Boston Herald columnist nails it, below.
Henry Louis Gates Jr. should learn restraint
Photo by Herald file
Even by his self-serving standards it would be detestable, attempting to wrap himself in the robes of a civil rights martyr, as if he’d been bloodied while marching for justice, rather than arrested for mouthing off to a cop who had ironically come to his rescue.
Whatever it was that motivated him to resurrect the ugly incident, Gates could not have exhibited poorer timing, especially for a so-called “scholar” whose expertise is history.
This is Black History Month, set aside to recall the price that was paid for freedom and progress. Even if he was kidding, Gates was still implying he deserved a niche in that pantheon of protesters who were beaten with clubs, bitten by dogs, leveled by high-pressure hoses, sacrificing their bodies for a cause they believed was bigger than themselves.

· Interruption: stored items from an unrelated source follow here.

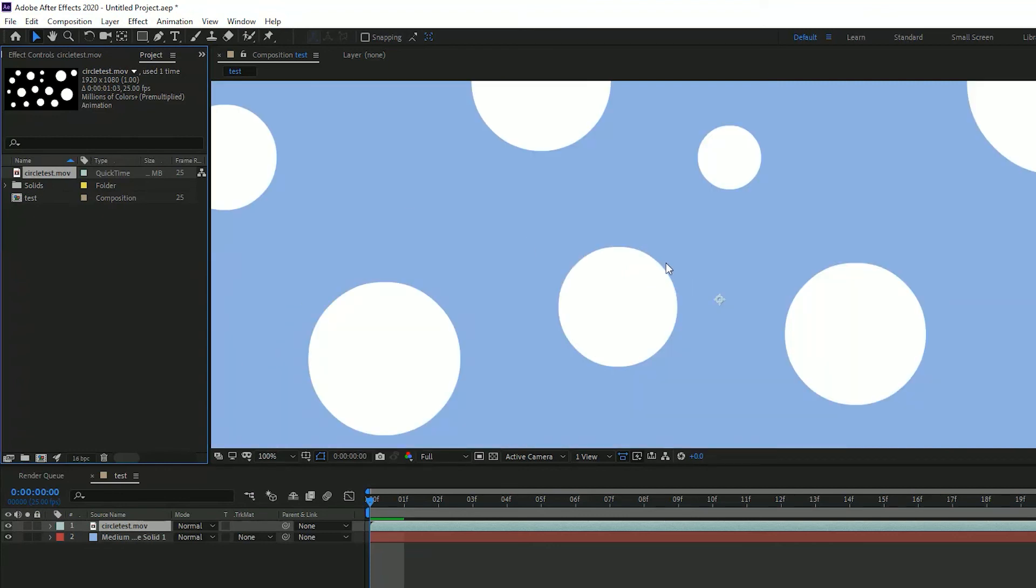So there we go. If you've ever found that you have outlines mysteriously appearing on your graphics in After Effects, don't fear, it's very simple to fix. I hope you found this quick tutorial useful. If you have any suggestions for videos, please leave it in the comments section. And if you enjoy my videos, go ahead and subscribe. I'll see you all in the next video.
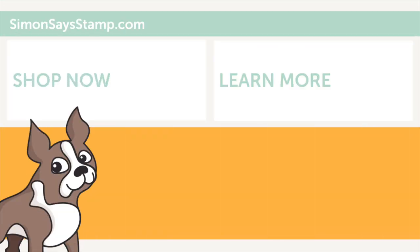Thanks so much for watching this video. Be sure to subscribe to our channel so you don't miss any of our upcoming videos and we'll be back soon with more to share with you.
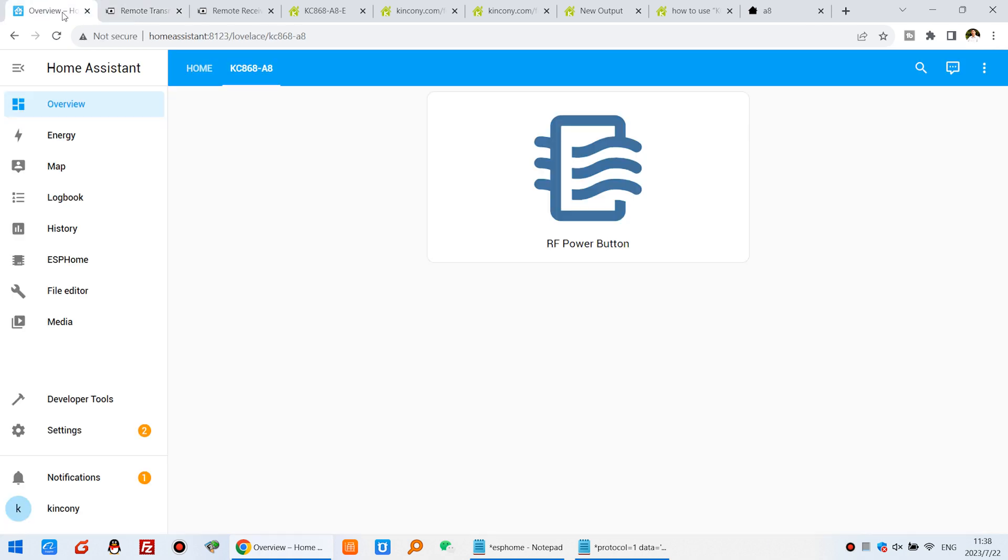Okay, this is how to use Home Assistant to control your own device by RC switch.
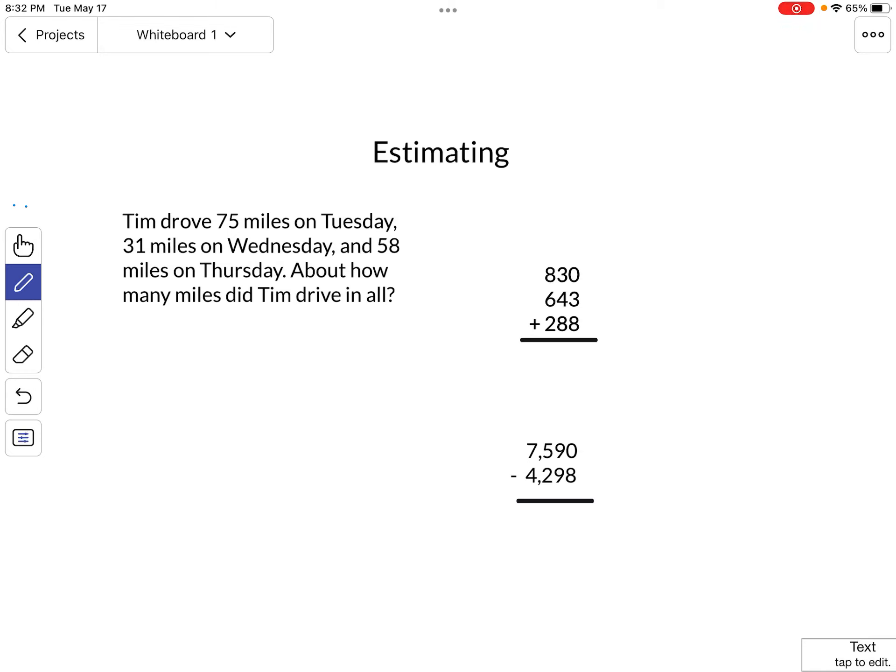This is a mini lesson review on how to estimate. Let's take a look at a word problem with estimation.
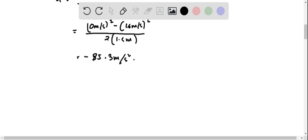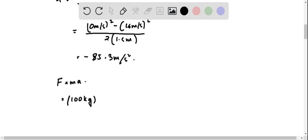The average force exerted on the wall by the ball is F = ma, where mass is 100 kg and acceleration is 85.3 m/s².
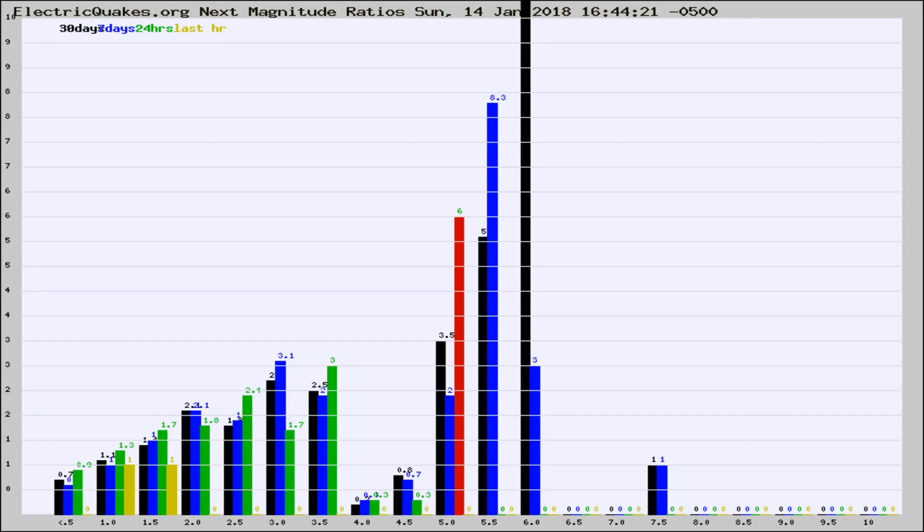If it changes between the last 30 days, 7 days, 24 hours, and last hour, it may indicate something unusual happening in that area. This is worldwide.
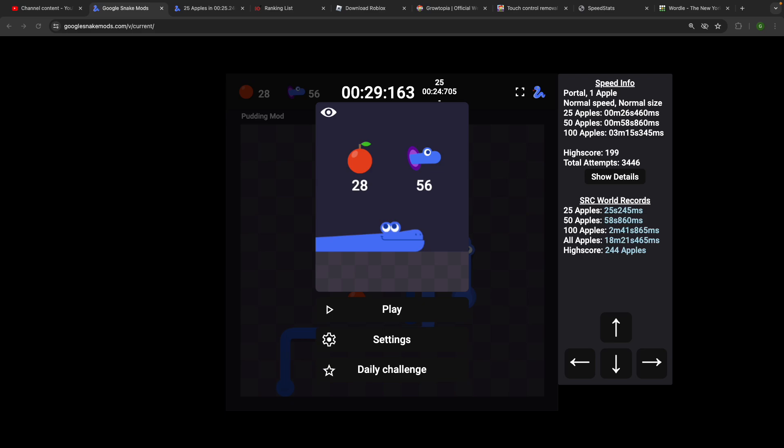Bro, bro, bro, I got it! I got 24.7! I got 24.7! I fucking got 24.7!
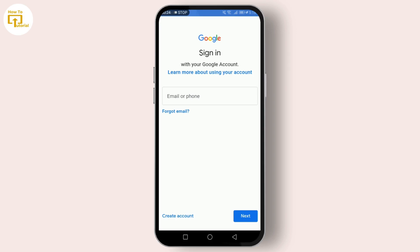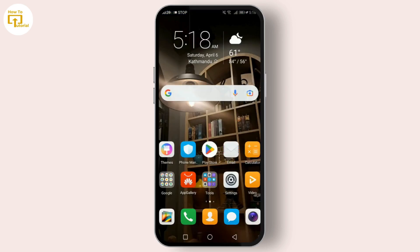First things first, let's talk about where you might need to enter your email address. One of the most common places is during the setup of a new Google account. To find your Google account, simply unlock your phone and swipe up or tap to access all your apps. Find Settings — it usually looks like a gear or cog icon — and tap on it.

Gates? He locked himself out of his house, then became indignant and belligerent when Cambridge police Sgt. James Crowley, arriving at what he thought might have been a robbery in progress, had the temerity to ask for his identification.
That does not make the professor another Rosa Parks.
What exactly does he think those handcuffs represent? What’s the message he thinks they convey? Don’t trust the cops? Is that it?
Bad enough the rookie in the White House added fuel to the fire by concluding the Cambridge police had “acted stupidly.” But at least he had the sense to douse that fire by inviting Gates and Crowley to smoke a peace pipe in the Rose Garden.
Now Gates shows his thanks by blowing on the embers, and he does so in the name of black history, as if, in challenging Crowley, he had gone toe to toe with Bull Connor or Sheriff Jim Clark.
Black history is cheapened by such shameless exploitation, as it was when Ted Kennedy suggested “Robert Bork’s America is a land in which blacks would sit at segregated lunch counters.”
Courageous people were pummeled at those lunch counters for something much greater than a politician’s punch line or an academic’s ploy for absolution.
For someone who’s supposed to be a teacher, Gates still has a lot to learn, if not about history, certainly about humility.